EXERCISE DETAILS. Return an exact copy of the lines from the one holding "View image on Twitter" to the end of the data, including both the starting and final lines. Leave the pictures out.

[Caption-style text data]
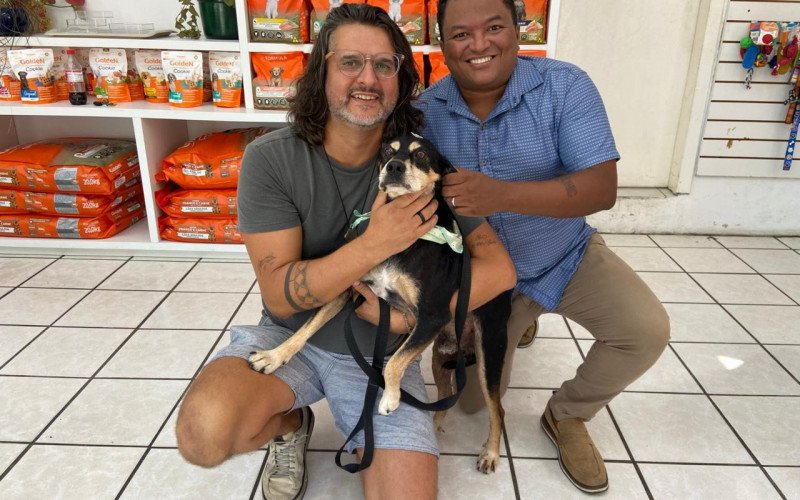 Cão Negão foi adotado por família de Campo Bom, Mogar e Wallace | abc+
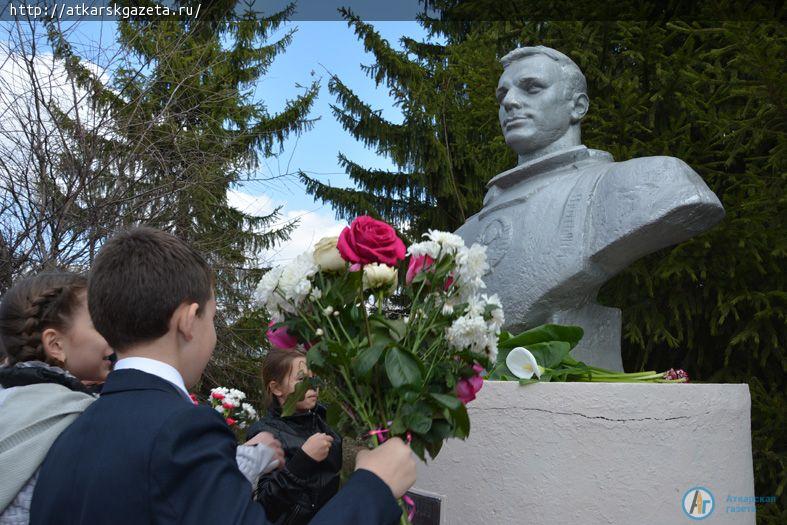К  памятнику первому космонавту ГАГАРИНУ легли первые весенние цветы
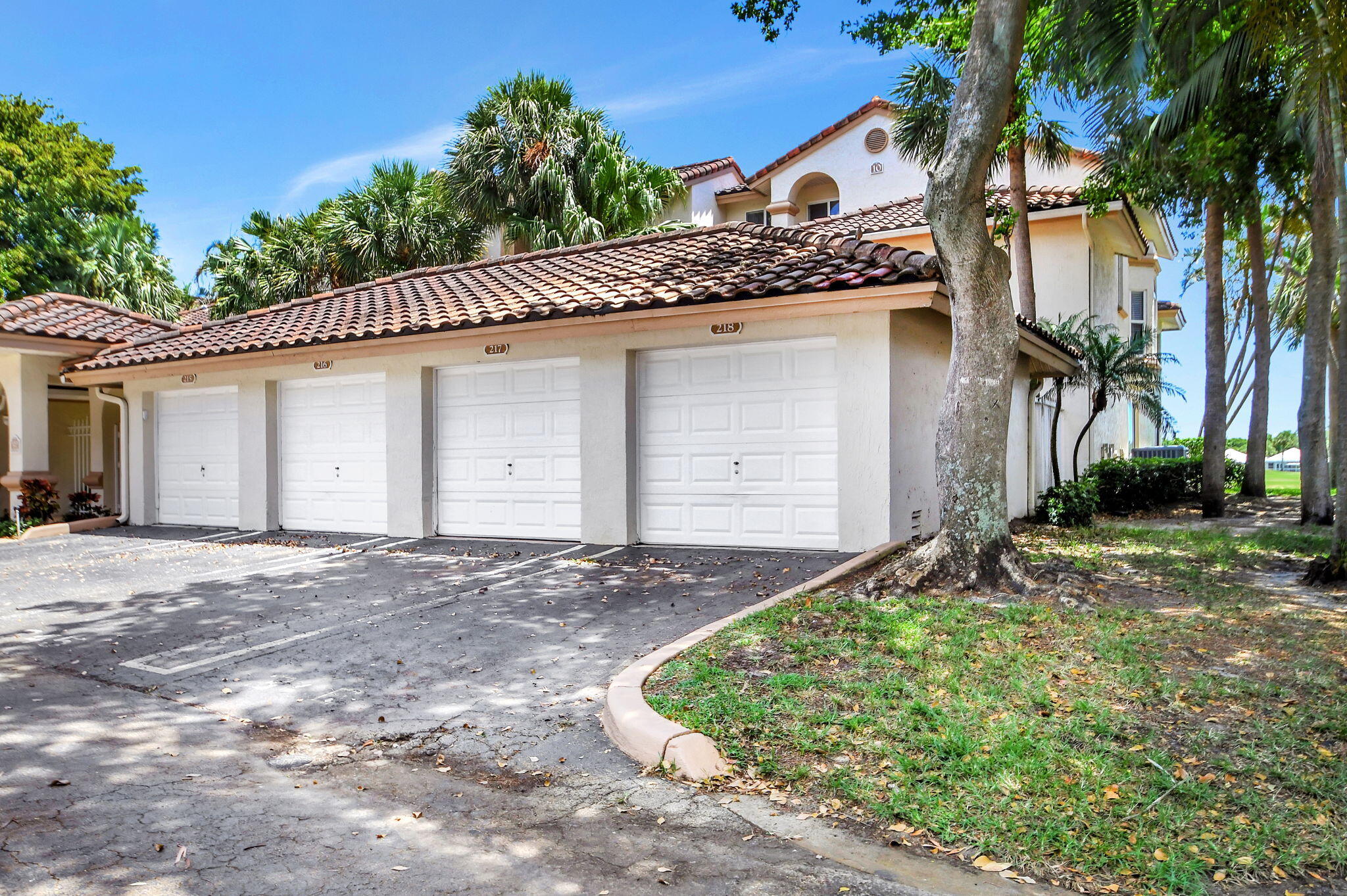 10204 Glenmoor Drive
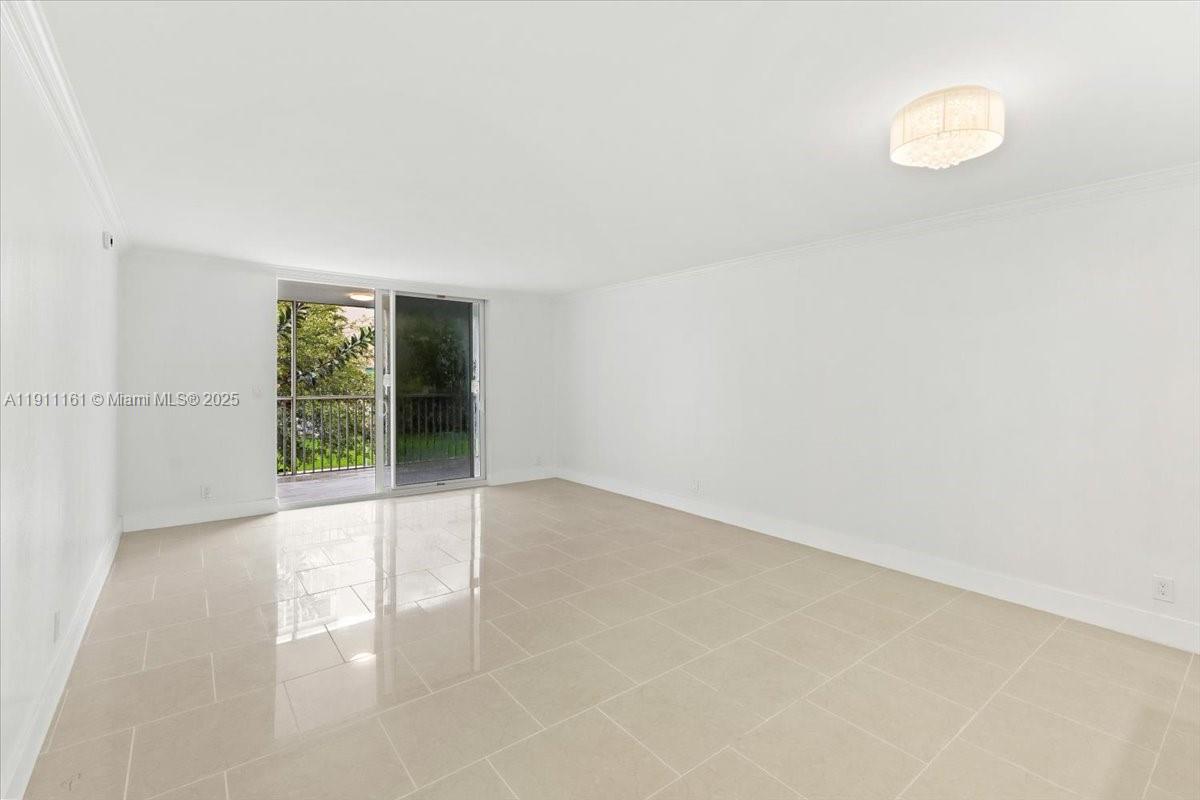 Photo of 319 14th Ave  #201, Hallandale Beach, Florida, 33009 - 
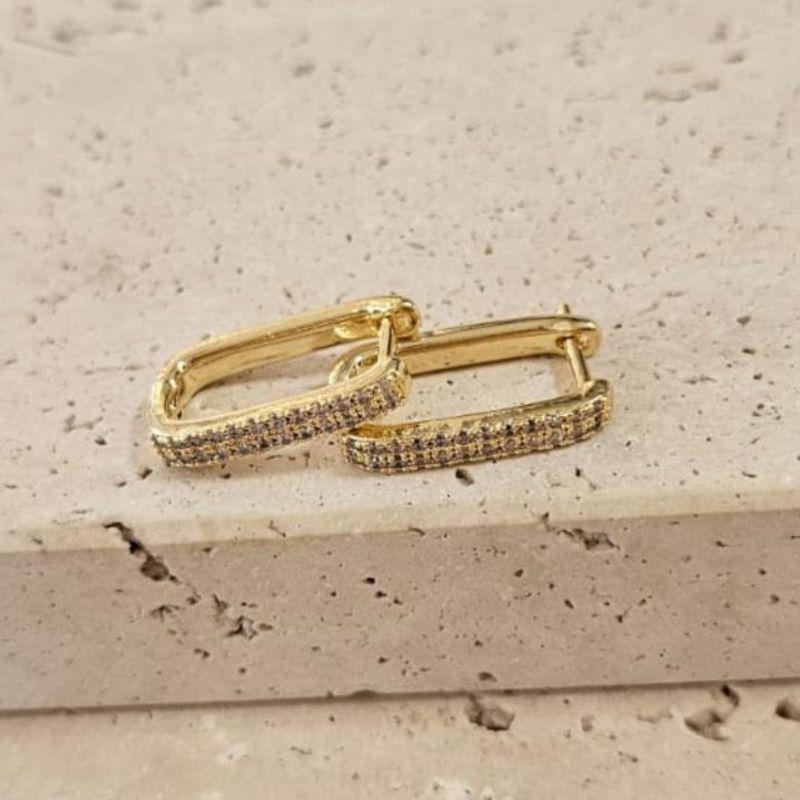 Brinco Argola Oval Cravejada Media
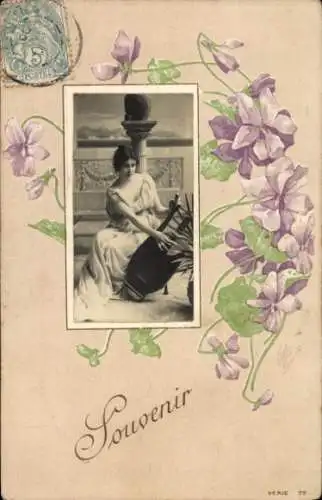 Präge Ak Frau in weißem Kleid, Porträt, Blumen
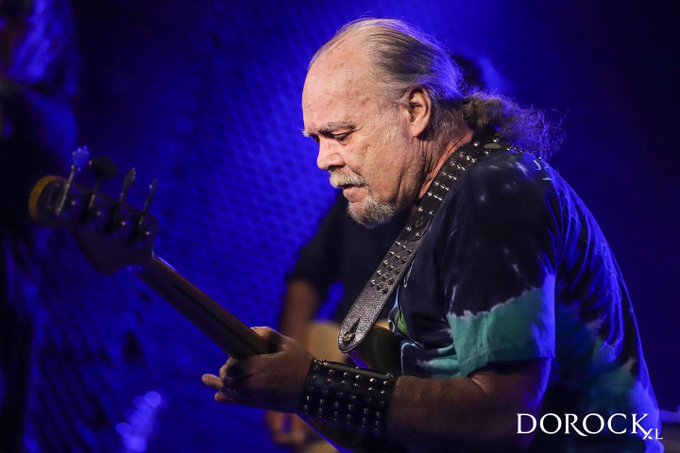 View image on Twitter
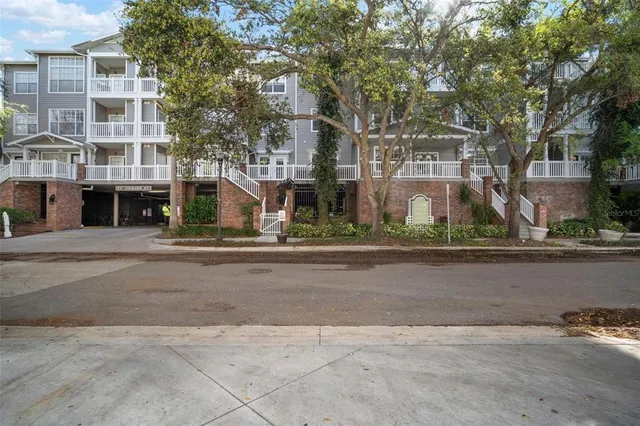 $349,900 | 800 South Dakota Avenue, Unit 221, Tampa, FL 33606
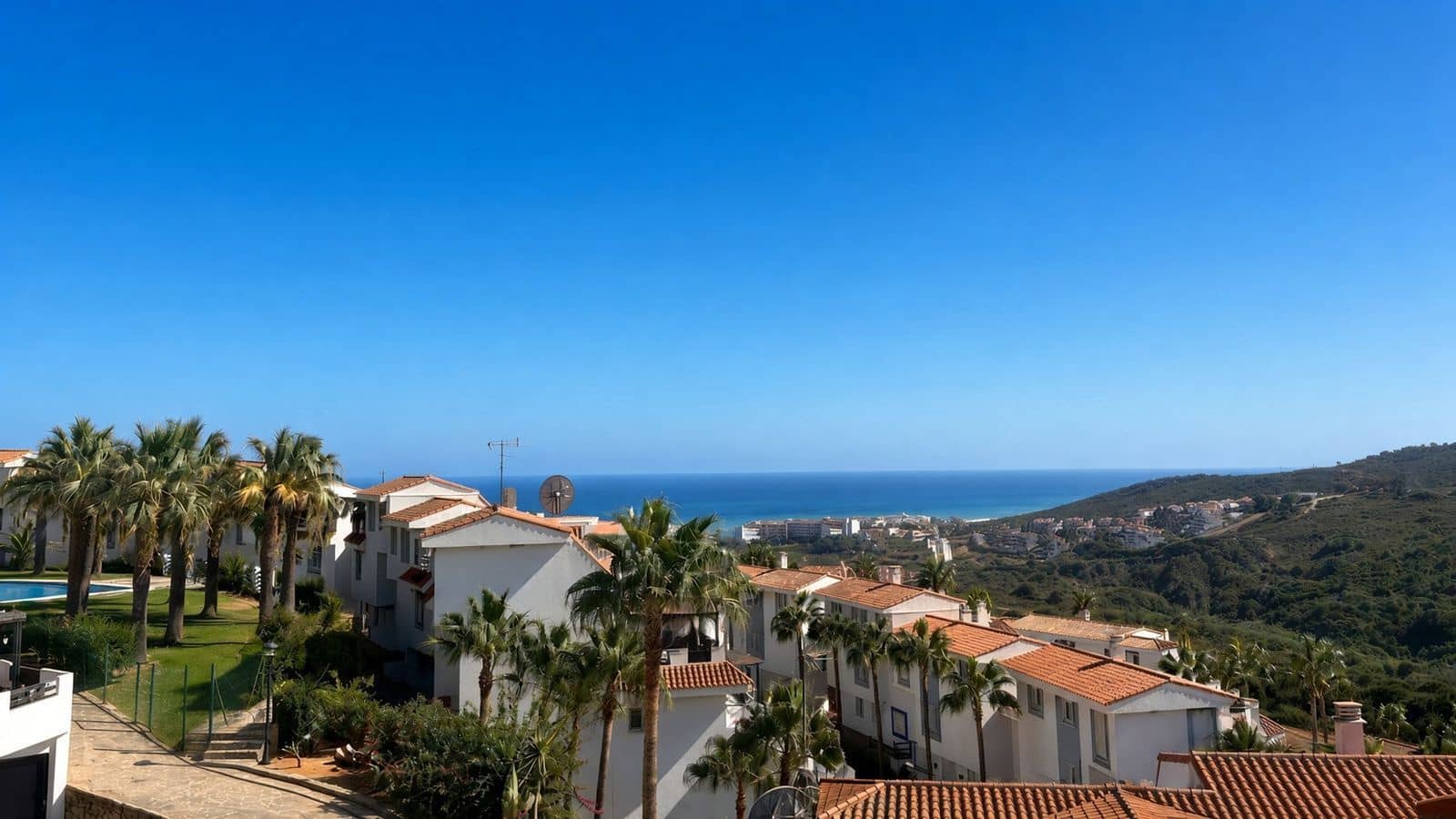 3 soverom Leilighet til salgs i La Duquesa / Puerto de la Duquesa - € 320 000 (Ref: 10097904)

EXPECTED ANSWER.
 View image on Twitter
 $349,900 | 800 South Dakota Avenue, Unit 221, Tampa, FL 33606
 3 soverom Leilighet til salgs i La Duquesa / Puerto de la Duquesa - € 320 000 (Ref: 10097904)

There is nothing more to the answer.